A question that I have to field lately by my co-workers when we get into social conversation is “where did you meet your wife?” or “how did you meet your wife?” While trying to be truthful but also present it in a positive light, I stumble through my words and give an answer. It’s not a surprise to see the shock and awe when they hear for someone grown up and living in the West, that it was an arranged marriage. Whether it be innocent non-desis (South Asians) or our grown/growing children they can’t believe that we (my wife and I), by God’s infinite mercy are happily married since almost the stone age, we’re madly in love and continue to explore and grow in our love and yet our lives started as two total strangers.
Photo by Azlan DuPree available under Creative Commons Attribution License.
Even in the present, Perfectly Arranged Marriages have a place in society. Note, I am not talking about “Forced marriages” or examples of arranged marriages gone horribly wrong. It’s unfair to take outliers and use them to demonize a norm of society. After all arranged marriages were the norm in pretty much all Western and Eastern societies until the Renaissance in the West changed to a “market model” associated with love. As a disclaimer, I will be the first to say that arranged marriages of the past do NOT have a place for children of immigrants where this was the cultural norm.
Below are,10 Reasons to have a Perfectly Arranged Marriage:
- Your parents pay for the wedding (usually but not always).
- You have a whole lifetime of discovering each other.
- With parents as filters your social and family compatibility is almost guaranteed.
- There are no matchmaker fees as the Aunties just love to make introductions.
- You hopefully only emotionally invest in one person, so so there is no dating game and heartbreaks.
- You will be the happiest couple when you agree to share your parents guidance over only your decision.
- Stress Free Parental Introduction.
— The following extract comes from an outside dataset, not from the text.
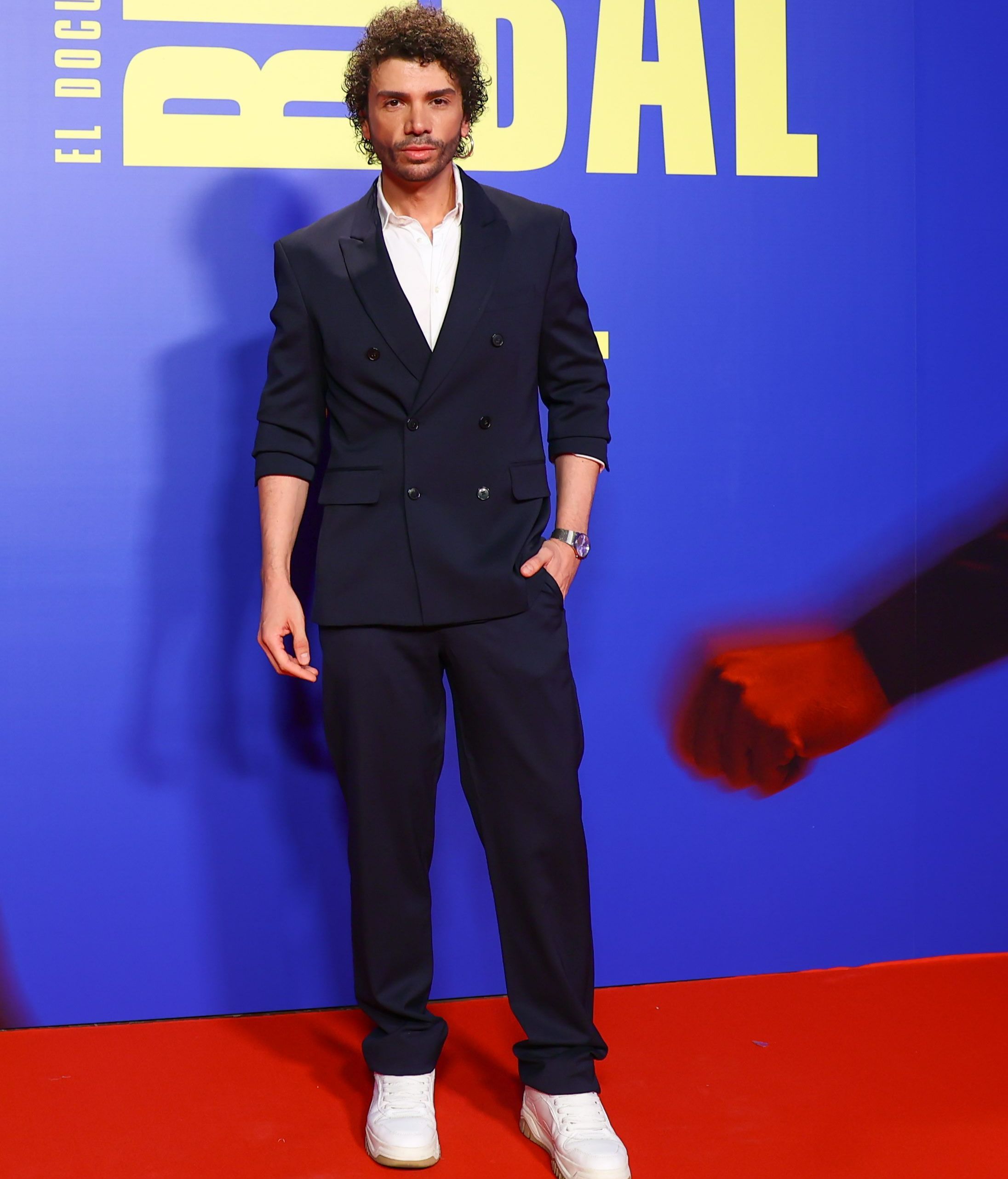 El estreno del documental de David Bisbal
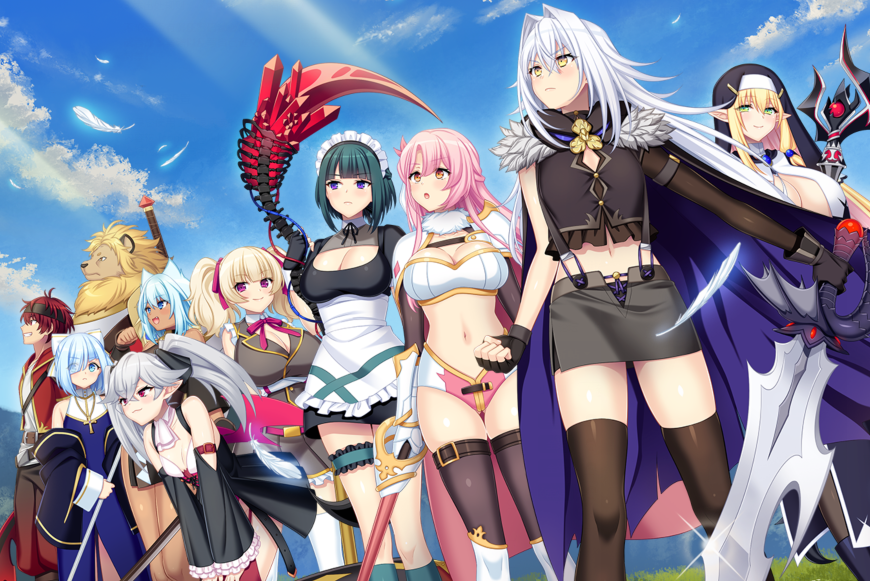 [日式RPG] 龙之血～用龙的诅咒和精液向神发誓复仇的RPG～  V1.19 AI汉化版+全回想 [7.4G]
Yes that’s right, you don’t need to worry what the parents are going to think about your choice because well, they have the inside scoop.
- The honeymoon lasts about 2 years instead of a week, as you are two total strangers getting to know each other.
- Free childcare. When your parents are bought-in to the idea of your marriage and now that you’re married and you both want to go on vacation or to the movies what better way for your child to bond than with their grandparents.
- Less chance of being accidentally left out of your parents will and living trust if you get their buy-in before the wedding.
- Bonus. There are no blind dates, as Mom, Pops, Auty Ji, and the whole extended family is with you on the date.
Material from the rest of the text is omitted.